### Your instructions
For the data below, transcribe the part that opens with the line containing "مكتب / عياده" and closes with the line containing "لا تنسَ أنك شاهدت هذا الإعلان في عنكبوت...", exactly and with no pictures.

### Working data
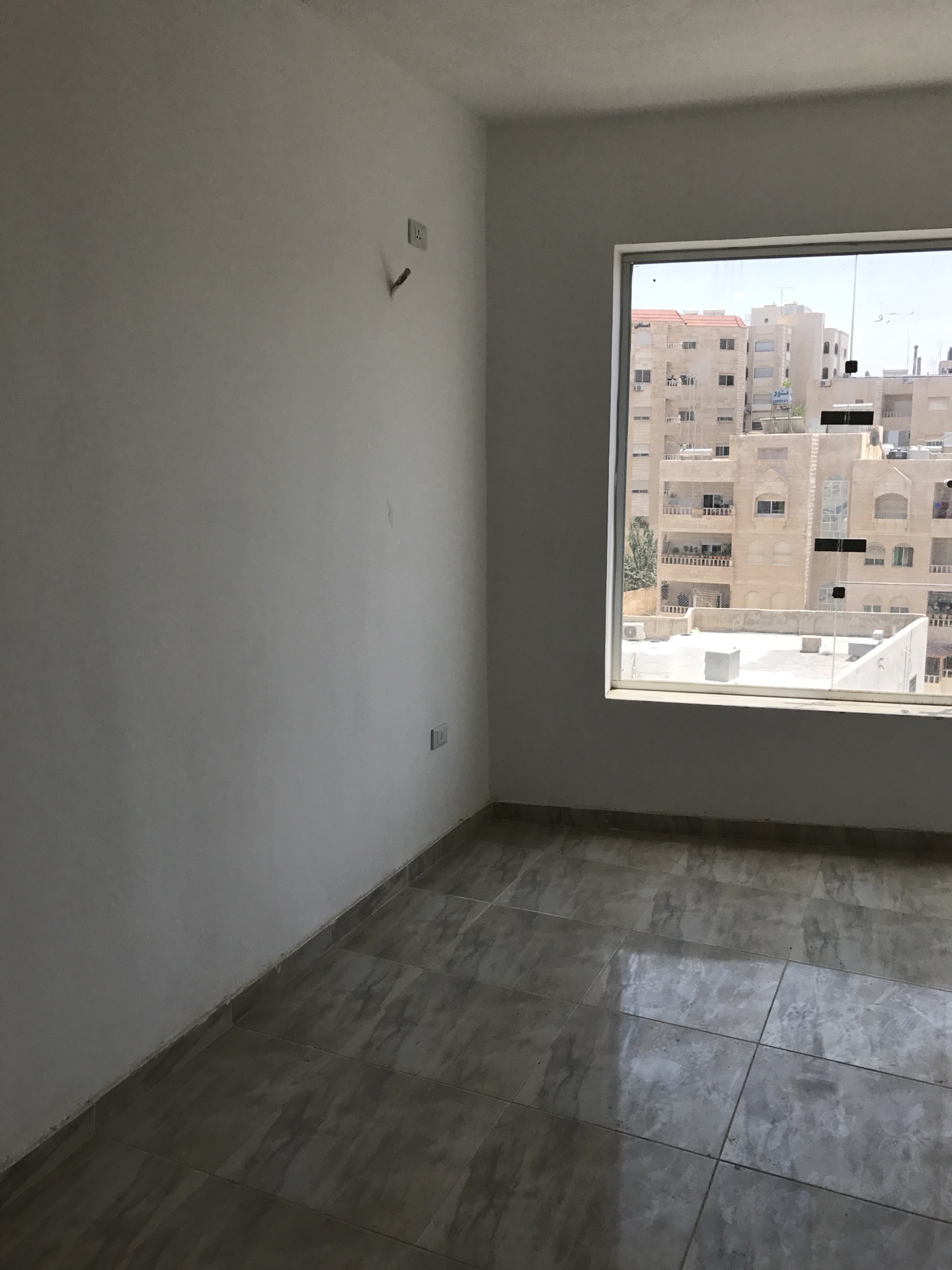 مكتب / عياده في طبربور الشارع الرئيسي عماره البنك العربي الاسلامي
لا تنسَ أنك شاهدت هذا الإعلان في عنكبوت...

==

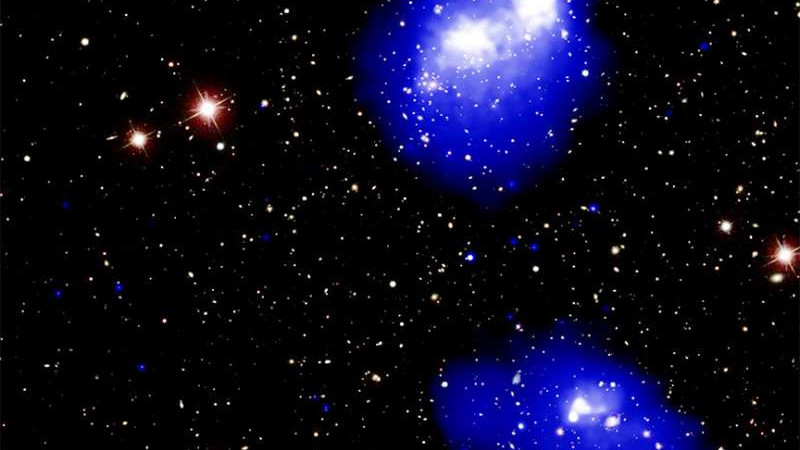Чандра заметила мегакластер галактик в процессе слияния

### Completed task
 مكتب / عياده في طبربور الشارع الرئيسي عماره البنك العربي الاسلامي
لا تنسَ أنك شاهدت هذا الإعلان في عنكبوت...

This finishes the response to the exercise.